**What the task asks**
Retype only the lines below from the one with "So sánh đường" to the one with "腫れも内出血もほとんどありません", inclusive, skipping every image.

═════ Information shown ═════

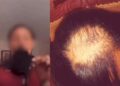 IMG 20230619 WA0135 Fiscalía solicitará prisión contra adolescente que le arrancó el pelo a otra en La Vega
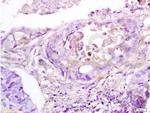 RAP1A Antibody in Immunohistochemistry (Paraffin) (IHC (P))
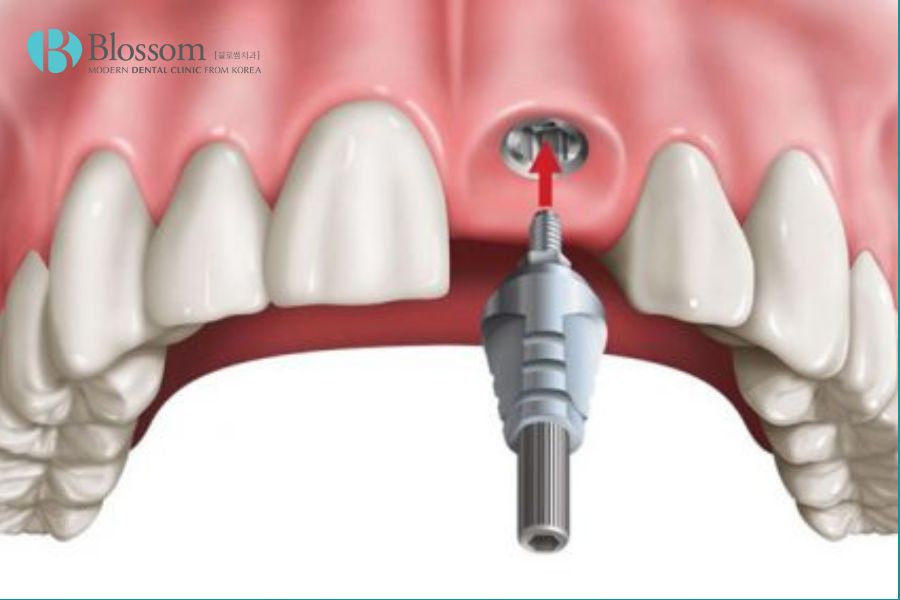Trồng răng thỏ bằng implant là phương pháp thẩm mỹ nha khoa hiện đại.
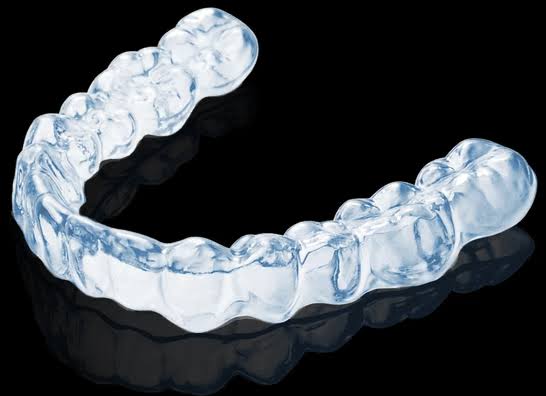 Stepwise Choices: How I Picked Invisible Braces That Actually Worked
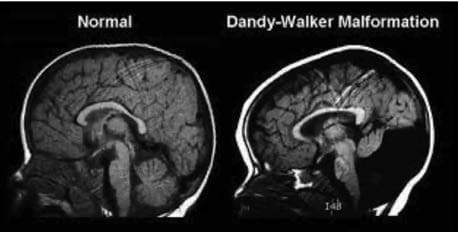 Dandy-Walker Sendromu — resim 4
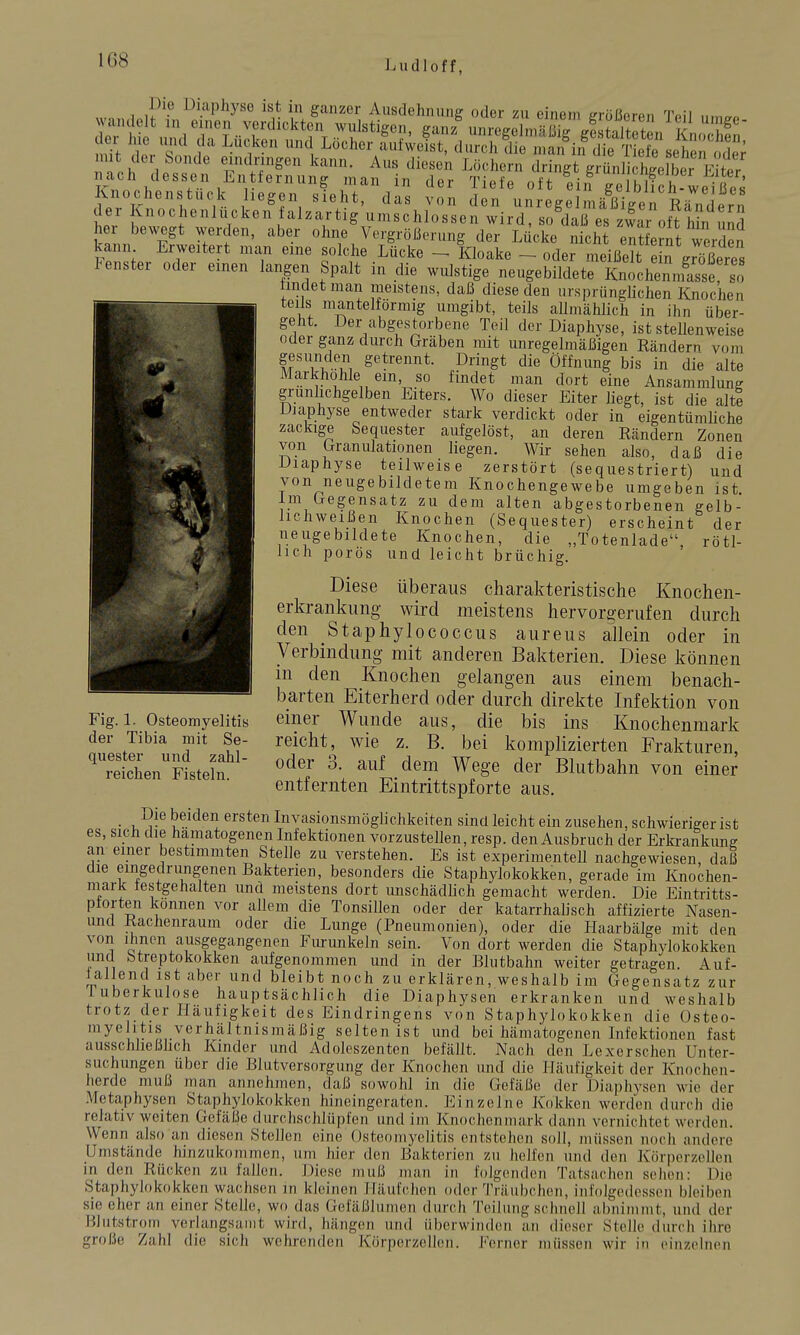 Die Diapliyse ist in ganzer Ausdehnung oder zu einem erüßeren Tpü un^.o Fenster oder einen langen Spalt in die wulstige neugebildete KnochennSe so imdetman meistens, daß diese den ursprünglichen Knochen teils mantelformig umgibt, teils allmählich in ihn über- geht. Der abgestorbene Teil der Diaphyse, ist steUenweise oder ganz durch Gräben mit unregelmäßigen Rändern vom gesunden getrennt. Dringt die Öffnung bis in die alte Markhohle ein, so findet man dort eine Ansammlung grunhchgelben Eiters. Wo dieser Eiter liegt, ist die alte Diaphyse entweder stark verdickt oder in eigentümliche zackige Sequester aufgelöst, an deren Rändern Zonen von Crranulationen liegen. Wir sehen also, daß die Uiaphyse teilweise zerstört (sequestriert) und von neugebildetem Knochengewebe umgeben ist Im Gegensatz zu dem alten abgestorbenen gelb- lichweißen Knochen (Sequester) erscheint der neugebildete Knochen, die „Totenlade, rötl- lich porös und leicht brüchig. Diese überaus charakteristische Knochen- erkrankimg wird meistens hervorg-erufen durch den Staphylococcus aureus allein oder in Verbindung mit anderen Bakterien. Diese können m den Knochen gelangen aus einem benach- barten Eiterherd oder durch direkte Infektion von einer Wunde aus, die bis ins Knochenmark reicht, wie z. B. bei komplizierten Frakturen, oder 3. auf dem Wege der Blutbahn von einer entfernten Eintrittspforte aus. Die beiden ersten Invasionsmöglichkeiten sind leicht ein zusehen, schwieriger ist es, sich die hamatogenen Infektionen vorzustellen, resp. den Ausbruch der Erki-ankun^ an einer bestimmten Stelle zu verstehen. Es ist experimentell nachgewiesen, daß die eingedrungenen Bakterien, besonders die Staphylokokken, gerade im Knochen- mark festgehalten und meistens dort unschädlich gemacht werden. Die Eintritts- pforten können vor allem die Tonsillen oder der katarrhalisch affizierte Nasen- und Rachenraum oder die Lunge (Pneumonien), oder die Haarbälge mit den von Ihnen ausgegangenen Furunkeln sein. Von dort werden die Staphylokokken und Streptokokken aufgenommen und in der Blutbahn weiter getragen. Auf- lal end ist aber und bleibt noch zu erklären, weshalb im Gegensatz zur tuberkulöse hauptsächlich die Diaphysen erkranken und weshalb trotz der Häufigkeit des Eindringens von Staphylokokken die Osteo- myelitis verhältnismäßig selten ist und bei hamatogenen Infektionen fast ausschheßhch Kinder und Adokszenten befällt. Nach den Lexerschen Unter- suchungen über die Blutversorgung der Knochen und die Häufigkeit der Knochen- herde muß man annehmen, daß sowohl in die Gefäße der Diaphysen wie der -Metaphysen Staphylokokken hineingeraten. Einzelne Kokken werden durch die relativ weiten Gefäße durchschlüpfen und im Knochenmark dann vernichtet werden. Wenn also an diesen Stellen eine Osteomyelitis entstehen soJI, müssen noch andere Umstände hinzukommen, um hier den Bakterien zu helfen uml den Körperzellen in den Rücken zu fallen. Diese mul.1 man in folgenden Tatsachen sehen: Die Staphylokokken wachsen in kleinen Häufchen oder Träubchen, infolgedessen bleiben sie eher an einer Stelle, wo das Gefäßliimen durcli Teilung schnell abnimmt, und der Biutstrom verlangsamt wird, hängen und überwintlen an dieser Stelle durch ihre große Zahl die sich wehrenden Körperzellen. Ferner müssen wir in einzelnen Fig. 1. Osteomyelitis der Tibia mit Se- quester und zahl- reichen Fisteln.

═════
═════ Information shown ═════

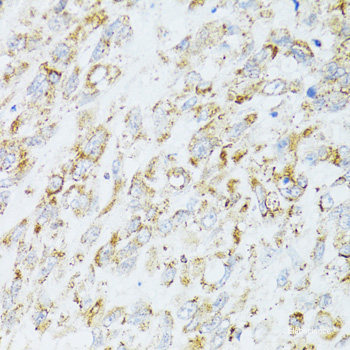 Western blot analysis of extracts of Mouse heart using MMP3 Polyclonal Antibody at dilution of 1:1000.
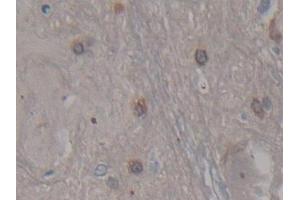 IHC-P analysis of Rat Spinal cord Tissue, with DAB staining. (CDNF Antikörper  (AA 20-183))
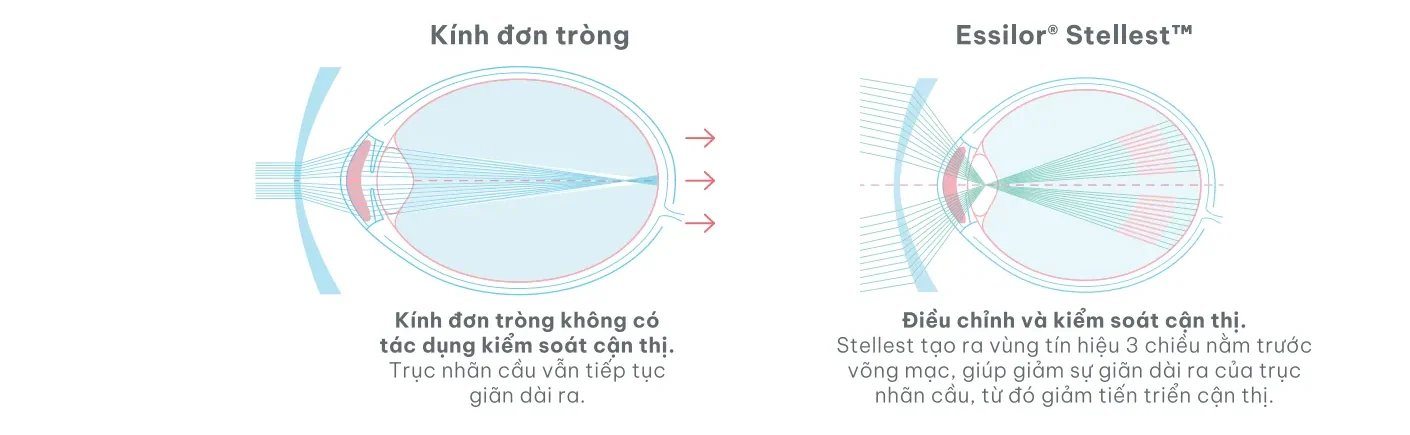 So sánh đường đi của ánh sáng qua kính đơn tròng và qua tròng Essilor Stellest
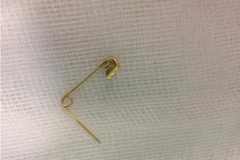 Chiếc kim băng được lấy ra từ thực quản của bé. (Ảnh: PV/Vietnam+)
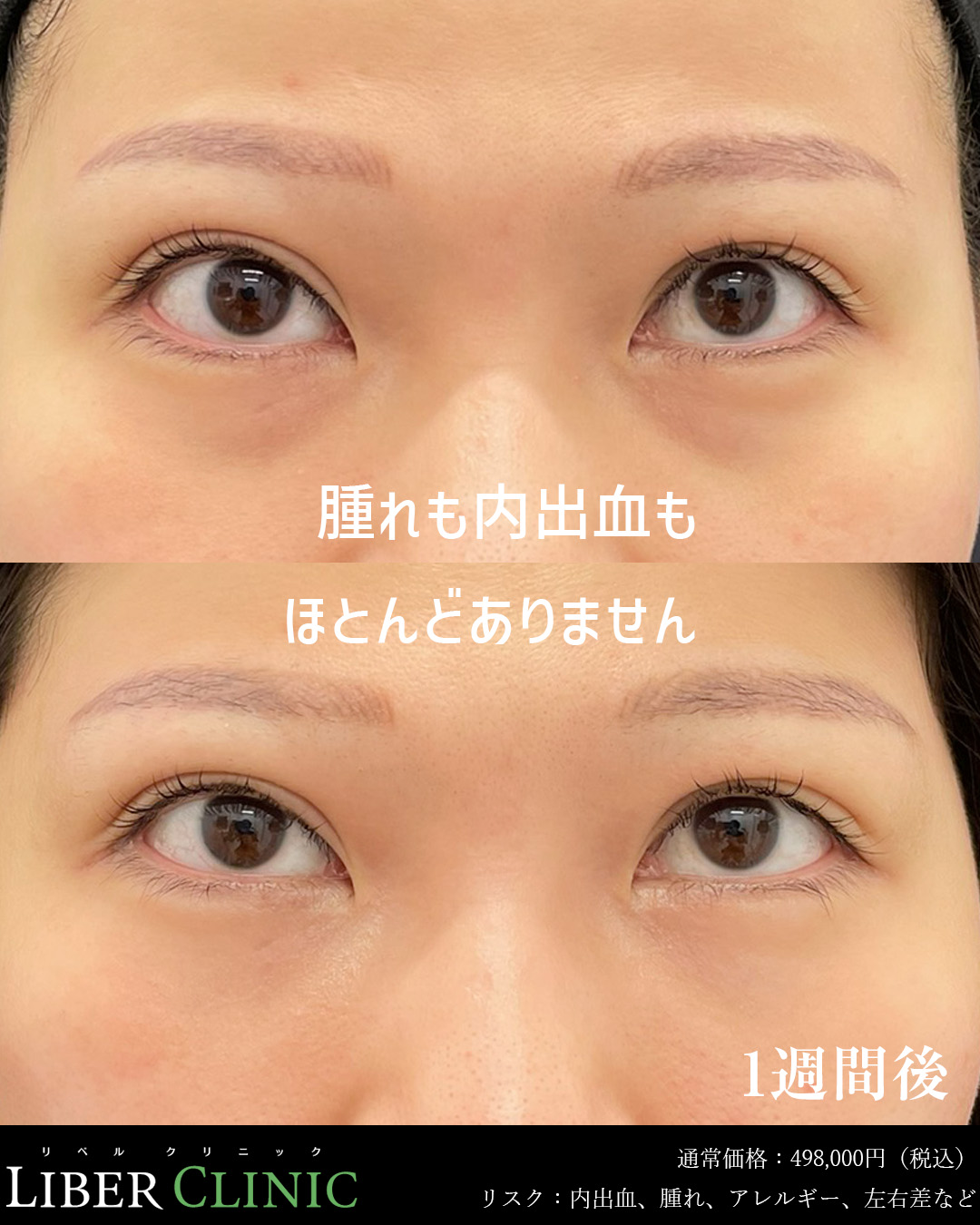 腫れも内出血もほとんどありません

═════

**Answer section**
 So sánh đường đi của ánh sáng qua kính đơn tròng và qua tròng Essilor Stellest
 Chiếc kim băng được lấy ra từ thực quản của bé. (Ảnh: PV/Vietnam+)
 腫れも内出血もほとんどありません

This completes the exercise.